PROBLEM = Copy out exactly the stretch of the listing below that begins at the line containing "Simgelerle olan bağlantı" and ends at the line containing "750 S Hanley", and copy nothing outside it.

INFORMATION SHOWN =

>>

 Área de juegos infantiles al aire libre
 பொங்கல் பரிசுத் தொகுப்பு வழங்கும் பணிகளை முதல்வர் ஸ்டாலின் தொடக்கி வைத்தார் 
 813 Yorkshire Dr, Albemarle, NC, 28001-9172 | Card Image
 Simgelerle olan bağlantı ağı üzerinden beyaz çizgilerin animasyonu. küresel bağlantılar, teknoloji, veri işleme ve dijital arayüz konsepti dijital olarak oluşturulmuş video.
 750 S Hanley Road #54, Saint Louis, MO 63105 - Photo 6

<<
>>

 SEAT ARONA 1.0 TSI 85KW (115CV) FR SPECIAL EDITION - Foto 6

<<

WRITTEN RESPONSE =
 Simgelerle olan bağlantı ağı üzerinden beyaz çizgilerin animasyonu. küresel bağlantılar, teknoloji, veri işleme ve dijital arayüz konsepti dijital olarak oluşturulmuş video.
 750 S Hanley Road #54, Saint Louis, MO 63105 - Photo 6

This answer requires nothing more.